Ten thousand 1948 Palestinians participated in a rally under the banner “Day of Return” in the village of Loubiya, Galilee, holding Palestine flags to commemorate the passing of 66 years since the beginning of the Palestinian Nakba (Catastrophe). The 500+ Palestinian towns and villages wiped off the map by Israel since 1948 were remembered by the protesters along with those Palestinian refugees killed in the Yarmouk refugee camp in Damascus, which has been under siege by forces loyal to the Syrian regime.
The protest sparked angry reactions from Israeli Foreign Minister Avigdor Lieberman, who accused the participants of being “part of a fifth column seeking to destroy the state of Israel”. Lieberman wrote on his Facebook page, “I suggest the next time they walk to Ramallah and remain there.”
The Palestinians commemorate the memory of the Nakba on May 15th every year. That is when, in 1948, around three-quarters of a million Palestinians were forced to flee from their homes by the Jewish militias and nascent Israeli state. Nadim Nashef, the director of Baladna Alshababiya association in Haifa, stated that patriotic awareness has never left the Palestinians inside the 1948 occupied territory, despite there being ups and downs. “The policies of the discriminatory Israeli government in the past years has heightened the awareness of the youth,” he added, “even those who tried to separate themselves from the political reality.” He pointed to laws such as the one which bans the commemoration of the Nakba in official organisations, which has achieved the opposite effect to that which was intended. “Instead of weakening Palestinian identity, it has strengthened it.”

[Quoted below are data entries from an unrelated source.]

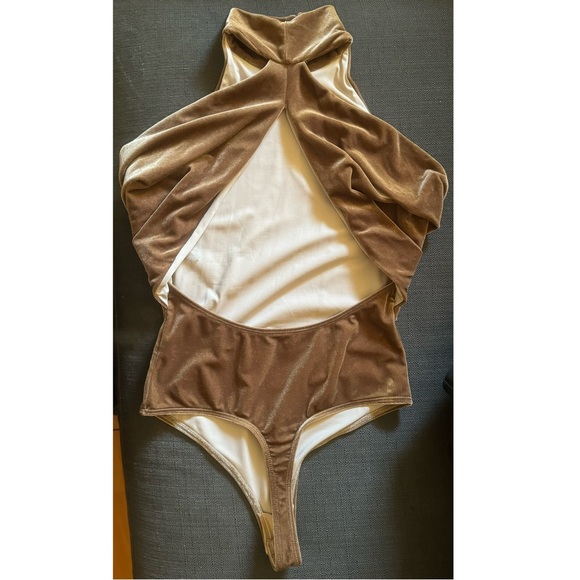 ALIX NYC ‘Bentley’ Cutout Sleeveless Velvet Bodysuit in Golden Brown Size Medium - Picture 7 of 13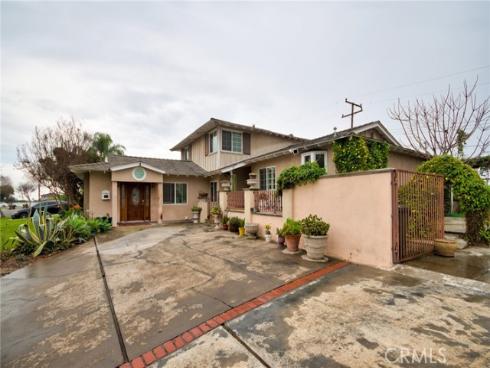 2533  Thorn   Place, Fullerton, CA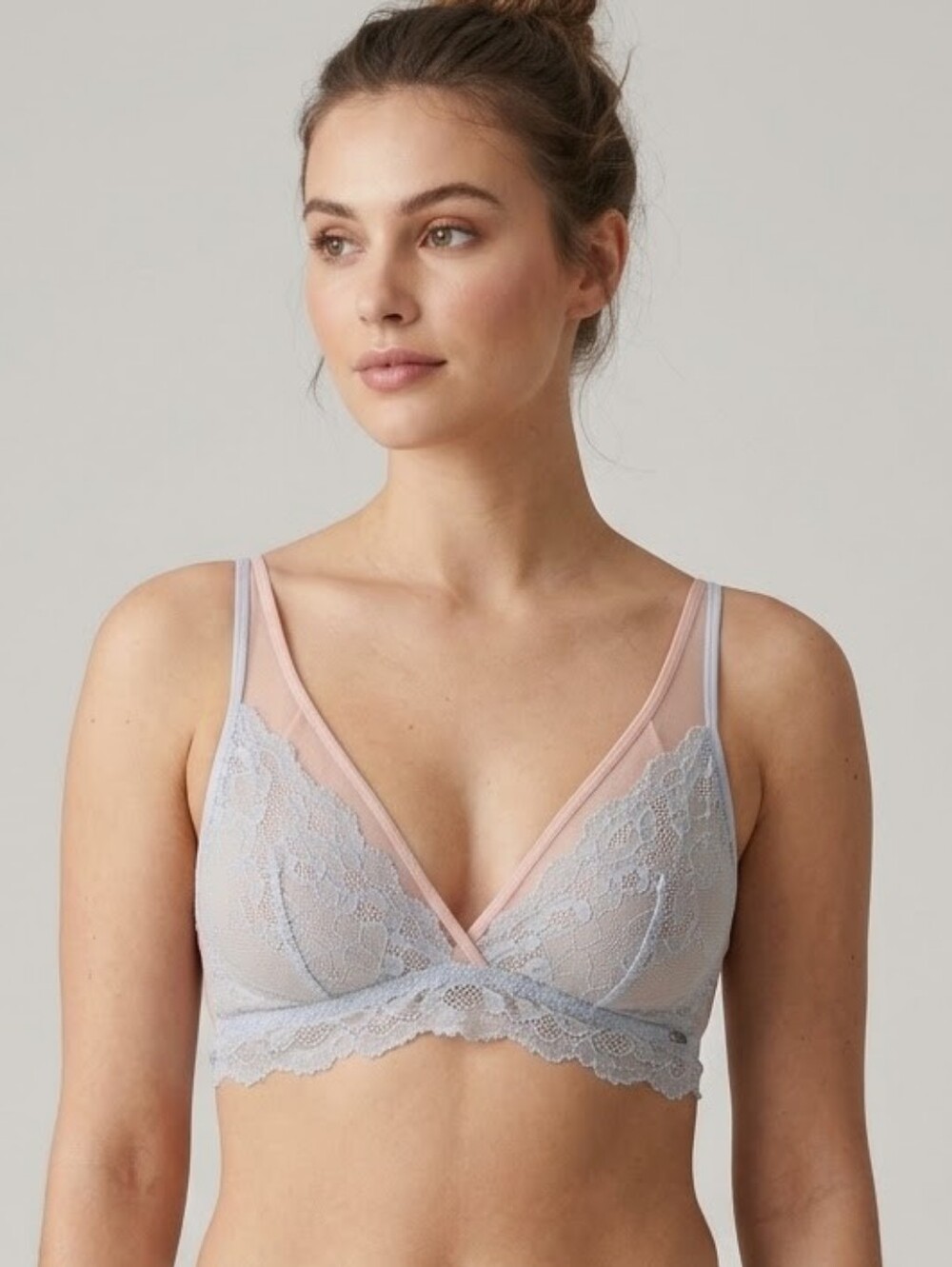 La Vie En Rose Lace Bralette in Light Blue and Blush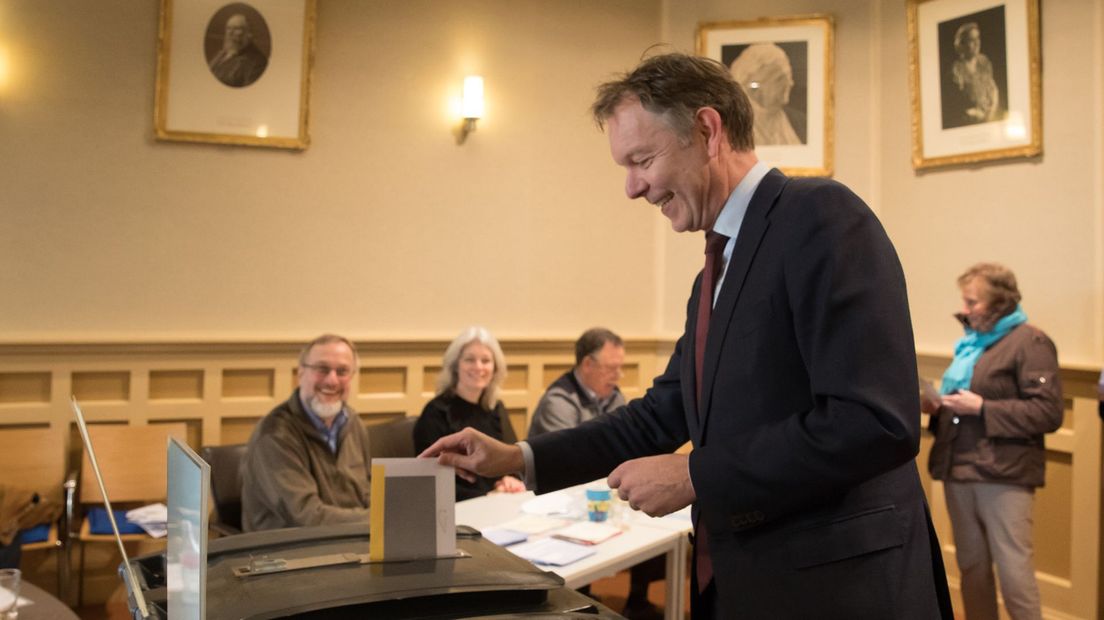 Burgemeester Roëll brengt zijn stem uit in de raadszaal van Baarn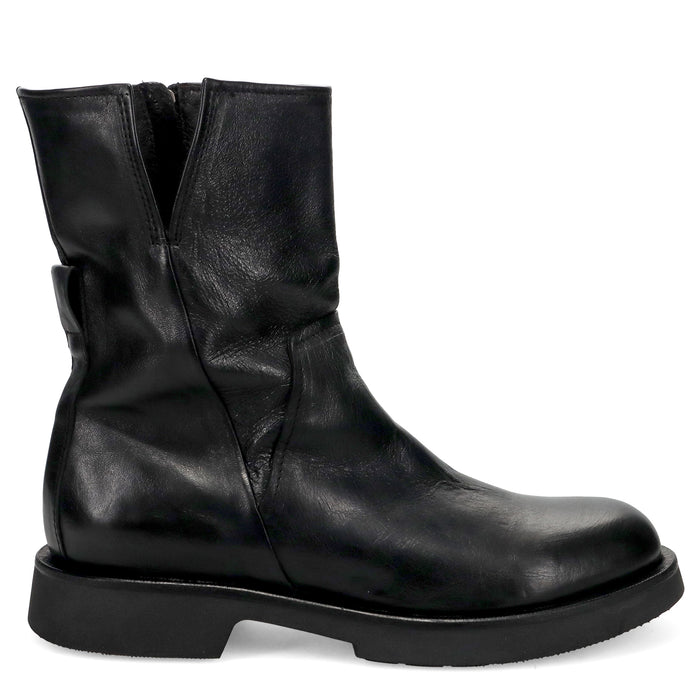 AI25---pawelks---W1172CALIF NERO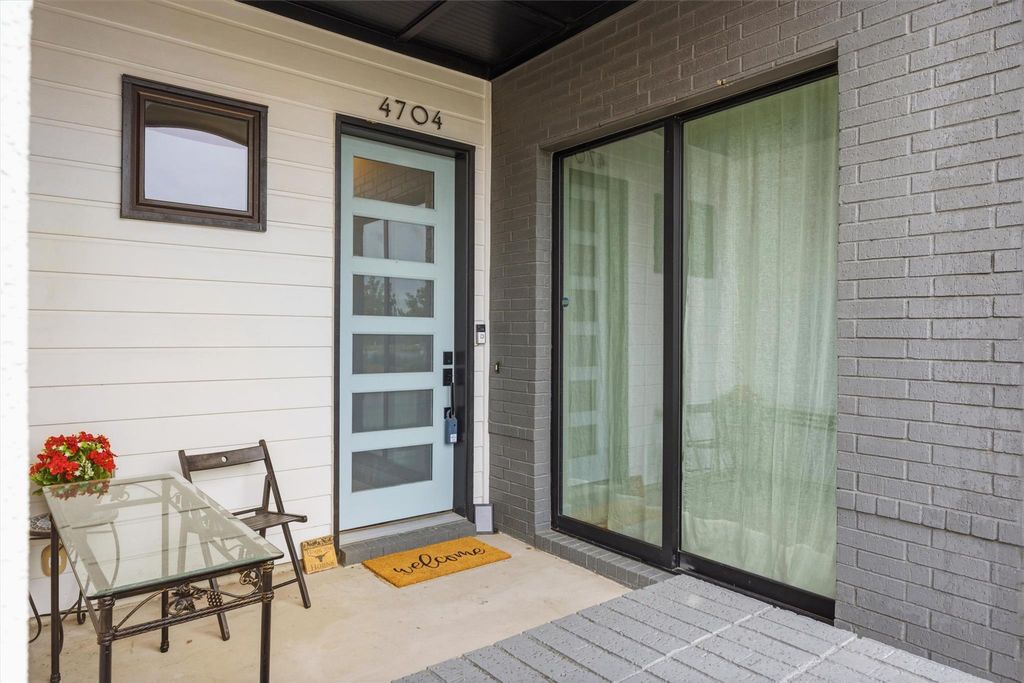 4704 Eberly ST, Austin, TX 78723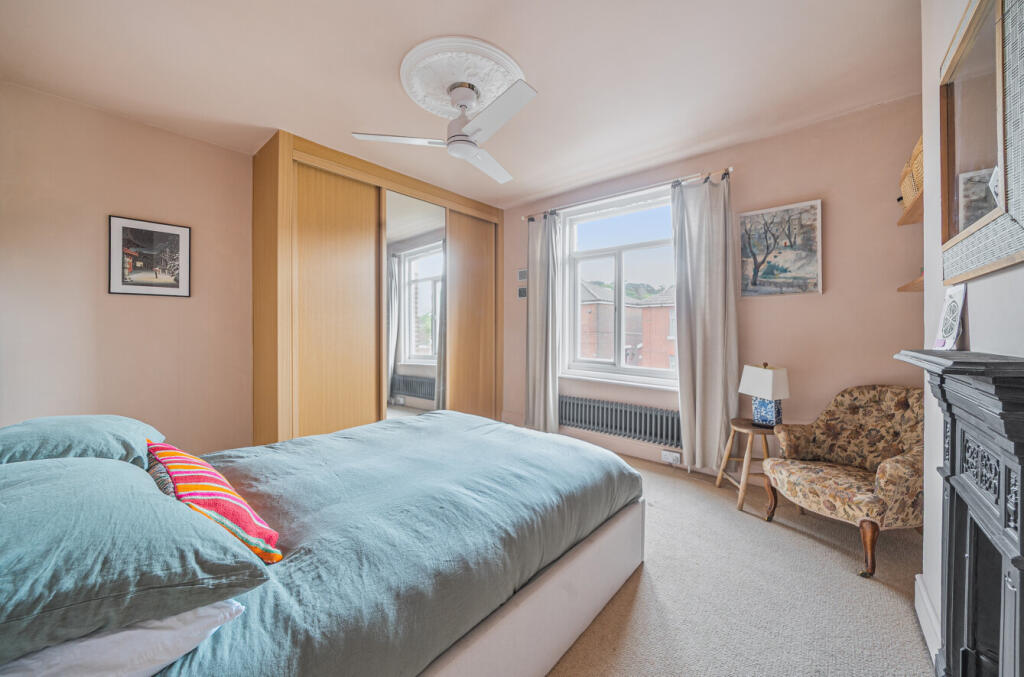 1355491-21-68c9a0...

The Palestinians of 1948 represent around 20 per cent of the population of Israel, coming from the 160,000 Palestinians who remained on their land after the declaration of the Israeli State in 1948. Despite them holding Israeli nationality, the Palestinians of 1948 are treated more or less as second class citizens and are discriminated against by the authorities, especially in matters relating to work and daily life. Professor Motti Kedar, an Israeli scholar of Arabic literature at Bar-llan University in Tel Aviv, says that the vengeful crimes and practices of the extreme Jews against the Arab minority is racism. “The burning of cars and puncturing of tyres merely inflame nationalist sentiment and add a sense of marginalisation,” he added.
Attacks carried out by extremist Jews have increased in the past weeks and are known as “Price tag” attacks targeting Palestinians and Arabs inside Israel. These attacks include the destruction and vandalism of Palestinian properties, the burning of cars and Christian and Muslim places of worship, and the uprooting and damaging of olive trees. Numerous calls have been made to the Israeli government to pass the issue on to the internal security forces (Shin Bet) and to consider the attackers as terrorists. “There is a feeling of brotherhood towards other Palestinians but the Palestinians of 1948 prefer to live in Israel than any other Middle East alternative,” noted Kedar.
Large numbers of 1948 Palestinians visit the West Bank on their weekends, going to cities like Jericho, Bethlehem, Ramallah and Nablus to shop. Abu Hussein, owner of a clothes store in Nablus in the occupied West Bank, says that customers from 1948 Palestine boost the local market, which is important, “especially in the current economic climate”. One “1948” customer, Shaher Muhamed from Umm al-Fahm, aged 50, commented: “The Palestinian people are one wherever they may be. It’s true that I hold Israeli nationality but my heart is Arabic and Palestinian and will remain so.”